4. Un groupe incapable de se sublimer dans la compétition de ses rêves

Hubert Fournier avait un message particulier à faire passer après le cuisant échec mardi soir. « Ce sur quoi on peut être le plus déçu, c’est de ne pas être parvenu à se sublimer sur ces matchs-là alors que nous nous sommes battus pour être en Ligue des champions. Il n’y a pas eu un match au cours duquel nous avons eu ce supplément d’âme. Nous avions à cœur de mieux faire et de montrer une autre image. Mais le constat est assez flagrant et il parle de lui-même », a regretté l’entraîneur lyonnais, vivement critiqué par de nombreux supporters suite à ce parcours européen indigne de l’histoire de l’OL.

5. L’OL s’improvise équipe de contres, en vain

Crucifiés en contres cette saison, notamment face à Valence et lors des deux matchs contre le Zénith, les partenaires d’Alexandre Lacazette ont tenté d’inverser les rôles ce mardi en recevant La Gantoise.
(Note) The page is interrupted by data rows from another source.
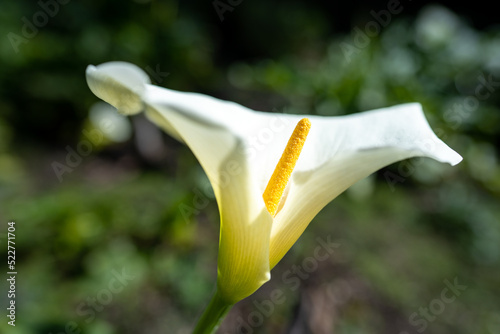 lily flowers in a park in a park in asia. photo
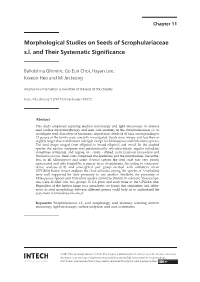 Morphological Studies on Seeds of Scrophulariaceae S.L. and Their Systematic Significance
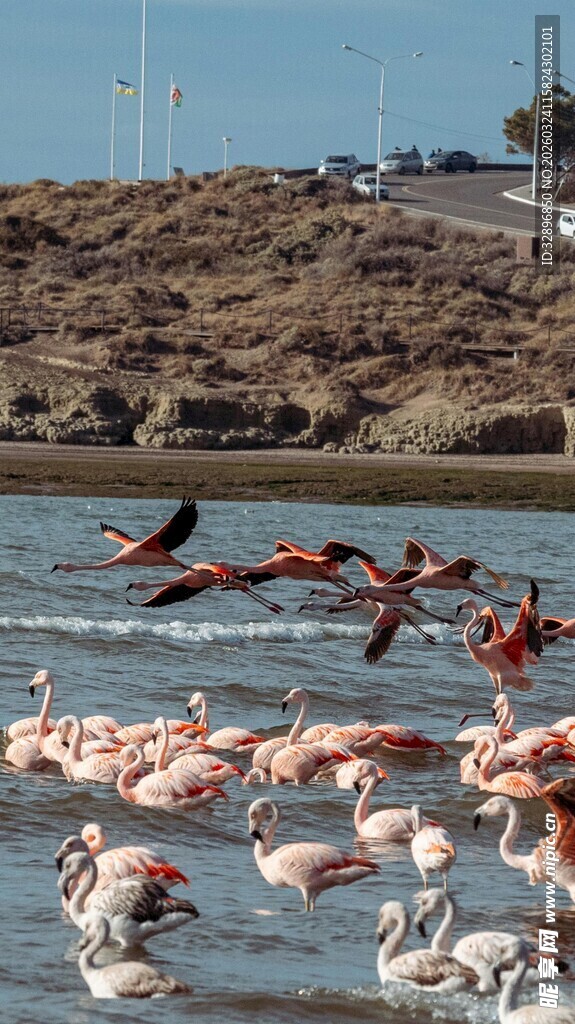 飞翔的火烈鸟于水域之上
Après un début de rencontre emballant récompensé par le but de Jordan Ferri (7e), l’OL a étrangement reculé et laissé le ballon aux Belges, qui finissent la partie avec 52 % de possession de balle à Gerland.

« On n’avait plus la mainmise sur le jeu et on était obligé de puiser dans nos réserves pour récupérer le ballon puis procéder par contres, analyse Henri Bedimo. La maîtrise du jeu faisait notre force la saison passée et ce n’est plus le cas. Les contres ne sont pas trop dans notre ADN et on a eu trop de déchets dans ce secteur. » Entre le manque de vitesse et de spontanéité de ses joueurs offensifs dans les zones décisives, l’OL doit clairement miser sur une autre stratégie pour rebondir en championnat.